The builder threshold is applied while freezing reduced nodes into the immutable form.
```java
import org.egothor.stemmer.CaseProcessingMode;
import org.egothor.stemmer.DiacriticProcessingMode;
import org.egothor.stemmer.FrequencyTrie;
import org.egothor.stemmer.ReductionMode;
import org.egothor.stemmer.ReductionSettings;
import org.egothor.stemmer.WordTraversalDirection;
final ReductionSettings settings = ReductionSettings.withDefaults(
ReductionMode.MERGE_SUBTREES_WITH_EQUIVALENT_RANKED_GET_ALL_RESULTS);
final FrequencyTrie.Builder<String> fastBuilder =
new FrequencyTrie.Builder<>(String[]::new,
settings,
WordTraversalDirection.BACKWARD,
CaseProcessingMode.LOWERCASE_WITH_LOCALE_ROOT,
DiacriticProcessingMode.AS_IS,
1024); // prefer lookup speed
// ... put(...) ...
final FrequencyTrie<String> trie = fastBuilder.build();
```
Use `0` or `256` for lower memory while still building larger tries.
```java
final FrequencyTrie.Builder<String> compactBuilder =
new FrequencyTrie.Builder<>(String[]::new,
settings,
WordTraversalDirection.BACKWARD,
CaseProcessingMode.LOWERCASE_WITH_LOCALE_ROOT,
DiacriticProcessingMode.AS_IS,
256); // lower memory profile
```
## Tune when loading a binary artifact (runtime phase)

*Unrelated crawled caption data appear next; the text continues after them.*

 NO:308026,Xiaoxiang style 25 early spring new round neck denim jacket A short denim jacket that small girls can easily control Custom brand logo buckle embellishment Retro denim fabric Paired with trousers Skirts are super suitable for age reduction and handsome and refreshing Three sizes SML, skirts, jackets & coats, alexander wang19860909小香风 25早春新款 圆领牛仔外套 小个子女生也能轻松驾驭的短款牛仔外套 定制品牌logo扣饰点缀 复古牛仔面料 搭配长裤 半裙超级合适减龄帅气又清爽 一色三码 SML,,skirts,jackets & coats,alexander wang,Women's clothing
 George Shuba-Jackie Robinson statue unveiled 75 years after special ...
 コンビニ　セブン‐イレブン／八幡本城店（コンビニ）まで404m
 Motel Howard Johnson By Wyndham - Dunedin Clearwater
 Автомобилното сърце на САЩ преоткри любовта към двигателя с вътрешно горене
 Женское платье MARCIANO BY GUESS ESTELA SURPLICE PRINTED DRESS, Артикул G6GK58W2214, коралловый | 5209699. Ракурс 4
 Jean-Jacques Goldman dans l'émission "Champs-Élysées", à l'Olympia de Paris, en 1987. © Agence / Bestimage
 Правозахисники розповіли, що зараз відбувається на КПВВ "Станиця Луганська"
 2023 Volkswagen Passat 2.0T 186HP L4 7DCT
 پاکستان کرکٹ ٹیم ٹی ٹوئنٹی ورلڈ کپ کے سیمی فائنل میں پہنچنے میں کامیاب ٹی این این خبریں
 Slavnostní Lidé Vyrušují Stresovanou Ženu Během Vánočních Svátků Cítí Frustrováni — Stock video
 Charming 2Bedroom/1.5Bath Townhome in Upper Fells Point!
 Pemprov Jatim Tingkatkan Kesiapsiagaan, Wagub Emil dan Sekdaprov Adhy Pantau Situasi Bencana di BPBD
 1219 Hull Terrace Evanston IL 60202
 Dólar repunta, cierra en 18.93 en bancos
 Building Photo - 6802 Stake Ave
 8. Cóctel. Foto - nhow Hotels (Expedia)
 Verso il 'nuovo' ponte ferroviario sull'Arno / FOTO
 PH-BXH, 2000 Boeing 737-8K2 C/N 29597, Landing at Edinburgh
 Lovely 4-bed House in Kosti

At artifact load time, you can tune the same trade-off independently of persisted metadata.
```java
import java.nio.file.Path;
import org.egothor.stemmer.StemmerPatchTrieLoader;
var defaultLookup = StemmerPatchTrieLoader.loadBinary(
Path.of("stemmers", "english.radixor.gz"));
var fastLookup = StemmerPatchTrieLoader.loadBinary(
Path.of("stemmers", "english.radixor.gz"), 1024);
var compactLookup = StemmerPatchTrieLoader.loadBinary(
Path.of("stemmers", "english.radixor.gz"), 0);
```
You can also set the threshold directly with `FrequencyTrie.readFrom(...)` when reading streams:
```java
import java.io.DataInputStream;
import java.io.IOException;
import java.io.InputStream;
import java.nio.file.Files;
import java.nio.file.Path;
import java.util.zip.GZIPInputStream;
import org.egothor.stemmer.FrequencyTrie;
public final class StreamLoadExample {
private StreamLoadExample() {
throw new AssertionError("No instances.");
}
public static void main(final String[] arguments) throws IOException {
try (InputStream fileInput = Files.newInputStream(Path.of("stemmers", "english.radixor.gz"));
GZIPInputStream gzip = new GZIPInputStream(fileInput);
DataInputStream dataInput = new DataInputStream(gzip)) {
final FrequencyTrie<String> compactOnLoad = FrequencyTrie.readFrom(
dataInput,
String[]::new,
input -> input.readUTF(),
256);
}
}
}
```
Note: the string codec is intentionally inline in this snippet to keep it self-contained.
## Practical guidance
- Start with default (`512`) in production and profile before changing it.
- Use `0` when memory is the priority and query throughput is not the bottleneck.
- Use values around `1024` for workloads dominated by compact alphabets and very hot lookups.
Trade-off expectation:
- increasing `maxExpandedIndex` improves lookup speed when edges tend to occupy short spans,
- decreasing it reduces per-node auxiliary memory in dense-span nodes.